I hope you find something you can use out of this


----------



## gmann (Sep 19, 2008)

Thanks for the info. It's all useful! And yeah I have a 15W bulb and use liquid testing stuff. I have just picked up a book with freshwater tropical fish that I'll be looking through and finding what kind/amount of each fish I want. I'm looking for no more than 6-8 fish approx.

Would NOW be the time to drain my tank a good ways so I can set up live plants? I really LOVE the way java ferns flow in the water.

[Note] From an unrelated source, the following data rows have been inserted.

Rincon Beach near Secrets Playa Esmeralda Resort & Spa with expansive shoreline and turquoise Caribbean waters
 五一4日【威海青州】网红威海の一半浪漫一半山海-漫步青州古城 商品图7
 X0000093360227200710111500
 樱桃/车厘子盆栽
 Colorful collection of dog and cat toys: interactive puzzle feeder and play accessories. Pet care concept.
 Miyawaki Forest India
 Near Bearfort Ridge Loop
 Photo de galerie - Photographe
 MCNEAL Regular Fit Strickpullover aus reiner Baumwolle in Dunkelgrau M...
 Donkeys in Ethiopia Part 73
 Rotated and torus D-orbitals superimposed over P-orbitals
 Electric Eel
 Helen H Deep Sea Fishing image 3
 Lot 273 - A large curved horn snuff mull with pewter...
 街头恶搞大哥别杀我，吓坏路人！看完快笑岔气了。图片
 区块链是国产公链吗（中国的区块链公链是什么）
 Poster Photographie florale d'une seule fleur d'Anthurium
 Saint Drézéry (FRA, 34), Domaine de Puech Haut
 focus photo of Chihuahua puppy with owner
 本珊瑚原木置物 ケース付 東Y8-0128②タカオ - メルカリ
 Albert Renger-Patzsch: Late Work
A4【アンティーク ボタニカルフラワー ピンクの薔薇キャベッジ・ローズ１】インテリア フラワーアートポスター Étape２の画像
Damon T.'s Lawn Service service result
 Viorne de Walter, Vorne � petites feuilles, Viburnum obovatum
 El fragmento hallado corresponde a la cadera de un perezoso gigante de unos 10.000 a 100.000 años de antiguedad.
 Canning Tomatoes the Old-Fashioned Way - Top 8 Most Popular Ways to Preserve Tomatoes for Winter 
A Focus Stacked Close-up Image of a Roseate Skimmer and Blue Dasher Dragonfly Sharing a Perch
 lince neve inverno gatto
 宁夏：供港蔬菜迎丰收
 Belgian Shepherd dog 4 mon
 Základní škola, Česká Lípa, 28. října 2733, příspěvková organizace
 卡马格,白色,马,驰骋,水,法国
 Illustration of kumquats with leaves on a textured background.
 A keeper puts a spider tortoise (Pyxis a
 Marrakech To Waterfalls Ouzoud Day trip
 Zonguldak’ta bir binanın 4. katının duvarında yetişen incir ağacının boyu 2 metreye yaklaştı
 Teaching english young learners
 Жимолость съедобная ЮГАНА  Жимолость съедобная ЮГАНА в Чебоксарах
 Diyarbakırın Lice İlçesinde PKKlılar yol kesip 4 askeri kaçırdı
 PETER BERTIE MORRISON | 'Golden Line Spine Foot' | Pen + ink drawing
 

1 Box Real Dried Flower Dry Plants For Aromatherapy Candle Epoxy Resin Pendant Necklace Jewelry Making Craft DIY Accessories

Again, thanks for the input. It helped a lot knowing that I did do just about everything right. Would you have recommend me doing more frequent water changes to remove the ammonia? What do people use when doing water changes and how? I sit at the tub with the water on till it gets to the right temperature, use an old cleaned out 1 gal milk jug and just run back and forth filling it.


----------



## gmann (Sep 19, 2008)

One other plant question. Do plants adapt to their surroundings? My aquarium is only 12" tall and I always see java ferns that are about 20" tall, but are in larger tanks.


----------



## BigBrownTank (Aug 2, 2008)

was i supposed to add salt to my tank???


----------



## gmann (Sep 19, 2008)

Update:

Added 3 big fin zebra danios to my tank last week along with a small java fern plant. The ammonia is down to 0 ppm and ph is hanging where it's been at 7.6 BUT my nitrites still are at around 2... Anyone have any ideas? I've only been feeding them what they are able to eat within about 2 minutes (these guys are SMART, as soon as I open the hood they are up there saying hi to me and waiting to dine) once a day.

I also have been using aged water. I get it out of the faucet into old plastic milk jugs and let it sit for about a week+ with the cap off. 

The fish are VERY active and appear healthy (fins spread, no spots, etc).


----------



## aconrad (Apr 30, 2008)

Your question about the plants, in some plants they will adapt, some are just going to grow right out of the tank or hit the top and keep going. You could always trim the java fern, even though ive never gotten one that tall.


----------